*Given data*:
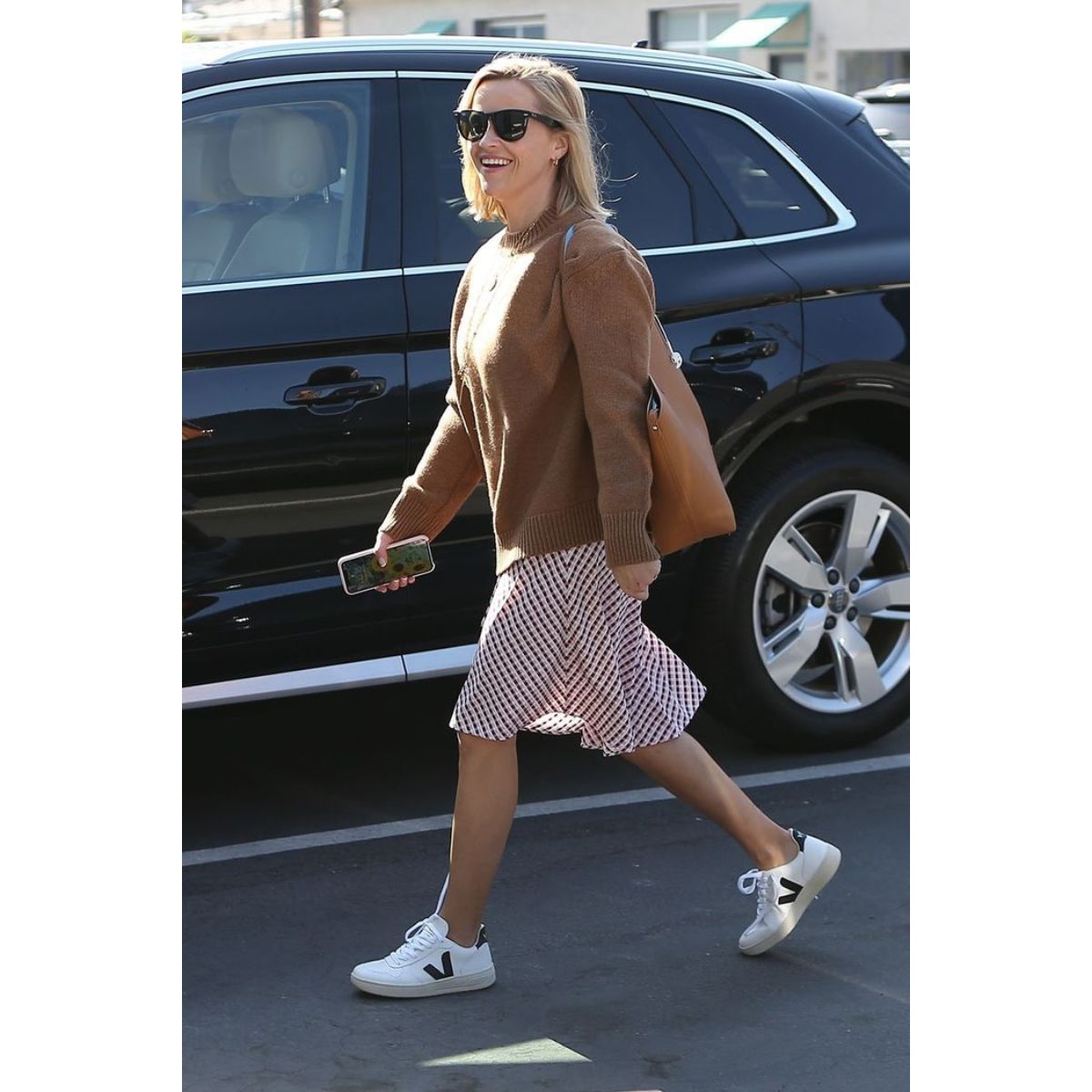 Reese Witherspoon VEJA Trainers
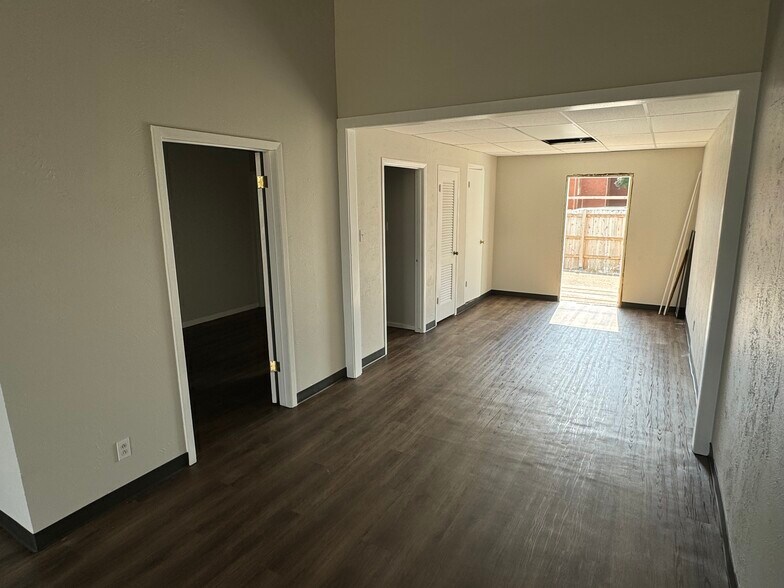 More Photos Of 3900 E 29th St, Bryan Unknown For Lease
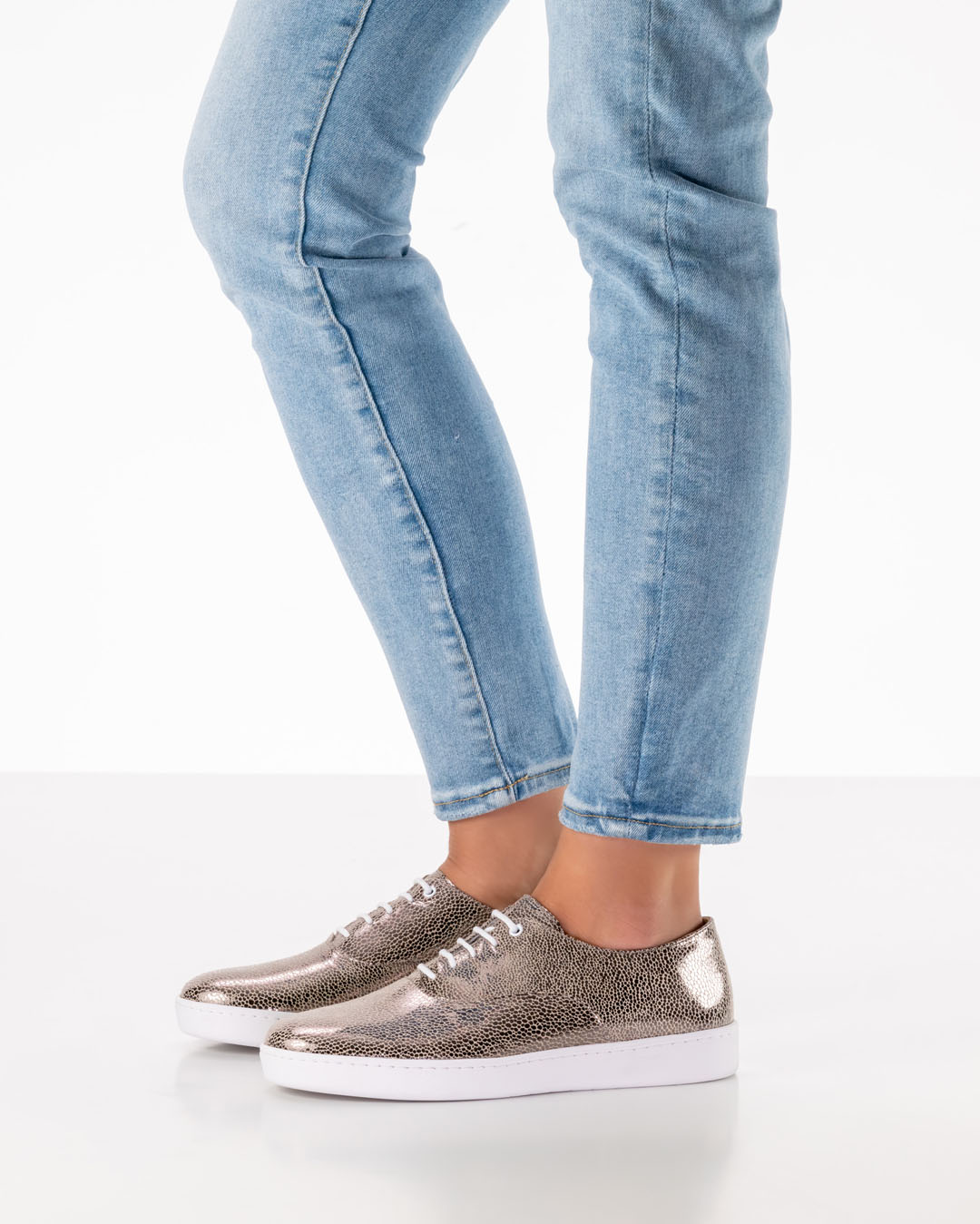 Whitney Chaussures de danse brillantes à lacets pour femme, avec semelle de type basket, couleur beige doré, de la marque Werner Kern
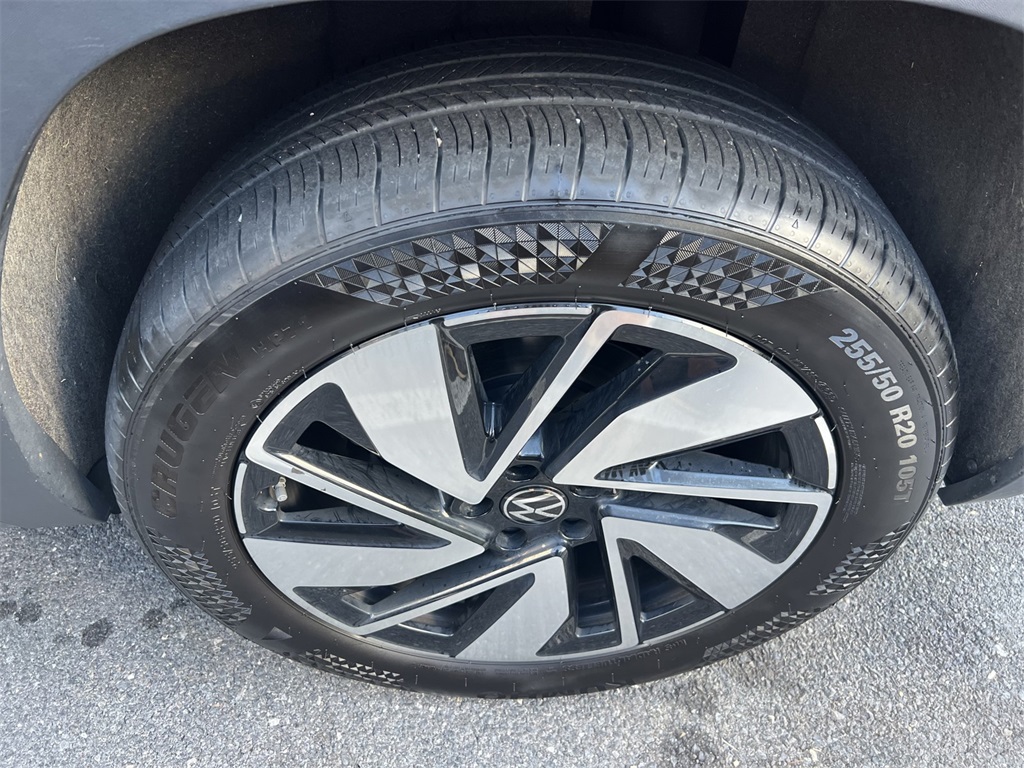 Vehicle image 8 of 29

*Exercise brief*: Please set the data above down exactly, with the pictures removed.

*Exercise result*:
 Reese Witherspoon VEJA Trainers
 More Photos Of 3900 E 29th St, Bryan Unknown For Lease
 Whitney Chaussures de danse brillantes à lacets pour femme, avec semelle de type basket, couleur beige doré, de la marque Werner Kern
 Vehicle image 8 of 29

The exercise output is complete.